5.3 Il reste au Comité à déterminer s'il y a eu violation des dispositions du Pacte après l'entrée en vigueur de cet instrument. Les auteurs invoquent l'article 2 du Pacte et affirment que leur droit de recours a été violé. A ce propos, le Comité, se référant à sa jurisprudence, rappelle qu'il a décidé précédemment que l'article 2 du Pacte constitue pour les Etats un engagement de caractère général et ne saurait être invoqué isolément par des particuliers au titre du Protocole facultatif (M. G. B. et S. P. c. Trinité-et-Tobaao, par. 6.2 de la communication No 268/1987, déclarée irrecevable le 3 novembre 1989). Dans la mesure où les auteurs invoquent l'article 2 conjointement avec d'autres dispositions du Pacte, le Comité fait observer que le Pacte dispose, au paragraphe 3 a) de l'article 2, que les Etats parties s'engagent à "garantir que toute personne dont les droits et libertés reconnus dans le présent Pacte auront été violés disposera d'un recours utile..." (non souligné dans le texte). Ainsi, en vertu de l'article 2, il n'y a droit à recours qu'après que la violation d'un droit stipulé dans le Pacte a été établie. Or, les disparitions et les décès visés, qui auraient pu constituer des violations de plusieurs articles du Pacte et pour lesquels des recours auraient pu être invoqués, sont survenus avant l'entrée en vigueur du Pacte et du Protocole facultatif pour l'Argentine.

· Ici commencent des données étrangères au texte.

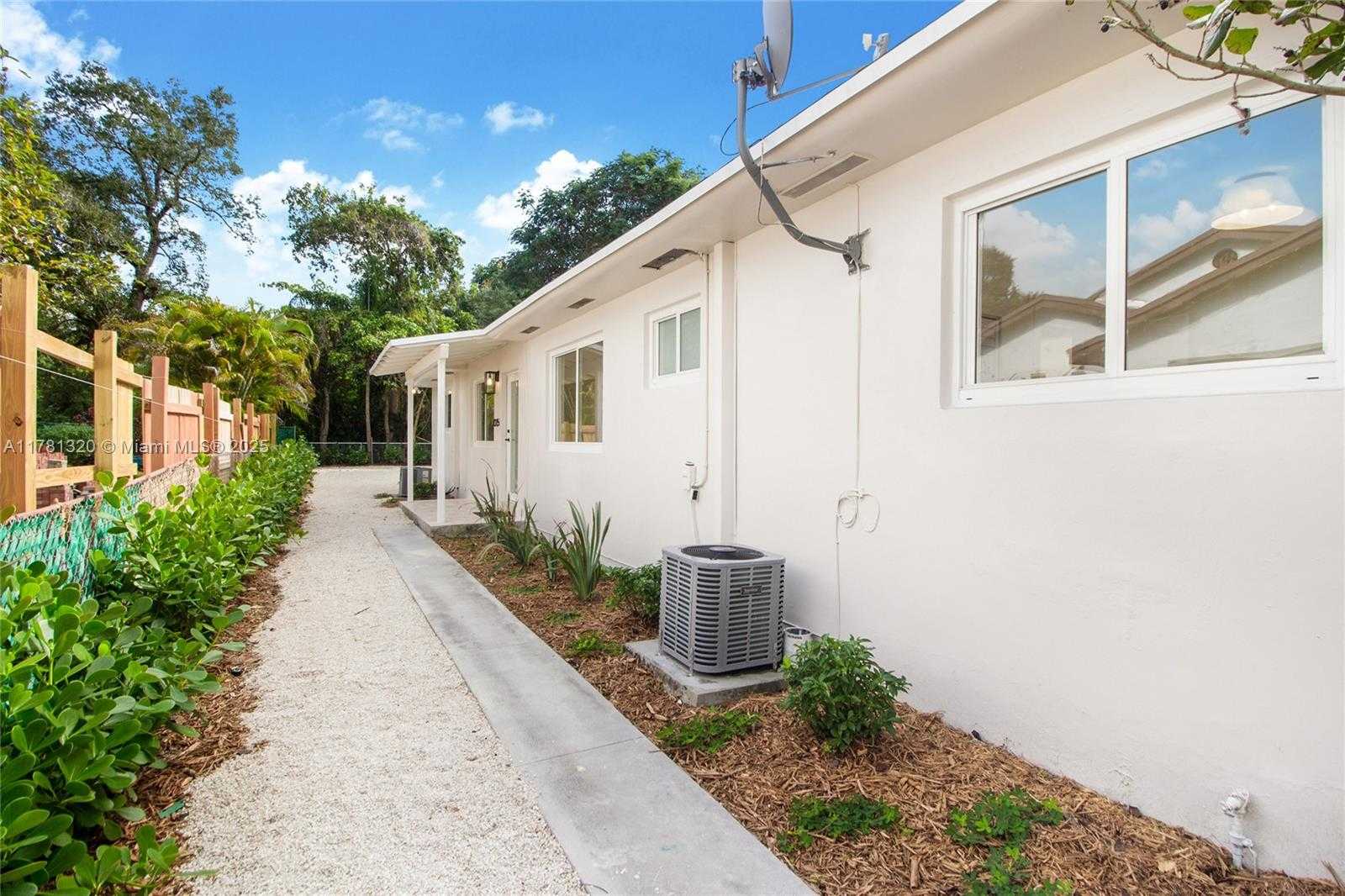 Small Image of 7311 SOUTH WEST 63RD CT #2, South Miami Number 11
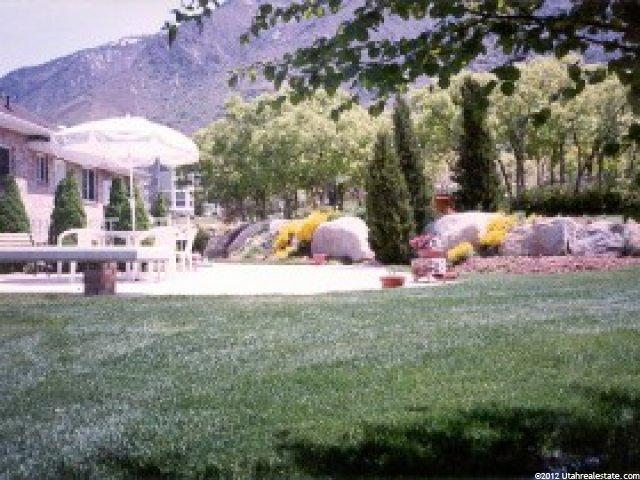 2612 Oak Grove Dr, Sandy, UT 84092 — photo 6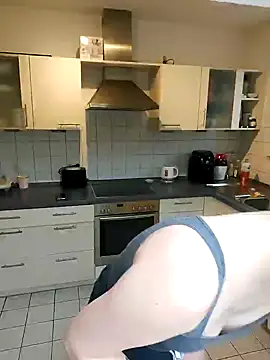 Gamergirl-Linela online show from 03-10-25, 01:54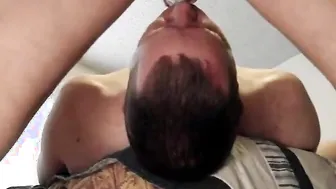 Papa fait une gorge profonde sur une grosse bite et prend une bouch...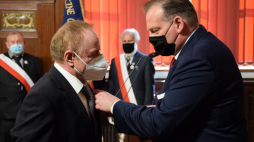 Szef Urzędu do Spraw Kombatantów i Osób Represjonowanych Jan Józef Kasprzyk podczas uroczystości wręczenia medali Pro Patria. Źródło: Fb/UdSKiOR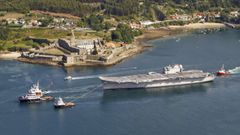 Imagen de agosto de 2017 cuando el Pr�ncipe de Asturias era remolcado saliendo de la r�a de Ferrol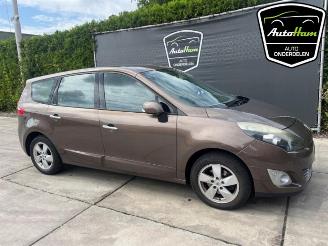 Renault Grand-scenic Grand Scenic III (JZ), MPV, 2009 / 2016 1.4 16V TCe 130 picture 2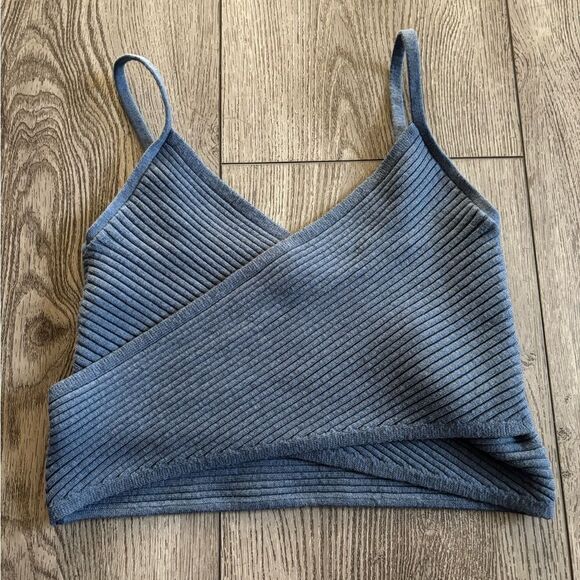 Aerie crop spaghetti strap top used in good condition - Picture 1 of 3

En conséquence, le Comité ne peut examiner la question, cet élément de la communication étant irrecevable ratione temporis.

5.4 Le Comité juge nécessaire de rappeler à 1'Etat partie que, pour les violations survenant ou continuant après 1'entrée en vigueur du Pacte, il a l'obligation d'enquêter de manière approfondie sur les prétendues violations et d'ouvrir s'il y a lieu un recours aux victimes ou à leurs personnes à charge.

5.5 A propos de l'affirmation des auteurs selon laquelle la promulgation de la loi No 23521 les aurait privés de leur droit de faire poursuivre certains agents du Gouvernement, le Comité, se référant encore à sa jurisprudence, rappelle qu'il a décidé précédemment que le Pacte ne prévoit pas le droit pour un particulier d'exiger que 1'Etat poursuive une autre personne au pénal (H. C. M. A. C. Pays-Bas, No 213/1986, par. 11.6; communication déclarée irrecevable le 30 mars 1989). Par conséquent, cette partie de la communication est irrecevable ratione materiae comme étant incompatible avec les dispositions du Pacte.

5.6 Pour ce qui concerne la réparation, le Comité note que, dans leur réponse aux questions posées par le Groupe de travail, les auteurs ont expliqué que ce n'était pas là la réparation qu'ils recherchaient.

6. En conséquence, le Comité des droits de l'homme décide :

a) Que les communications sont irrecevables;

b) Que cette décision sera communiquée aux auteurs par l'intermédiaire de leur conseil, et, pour information, à 1'Etat partie.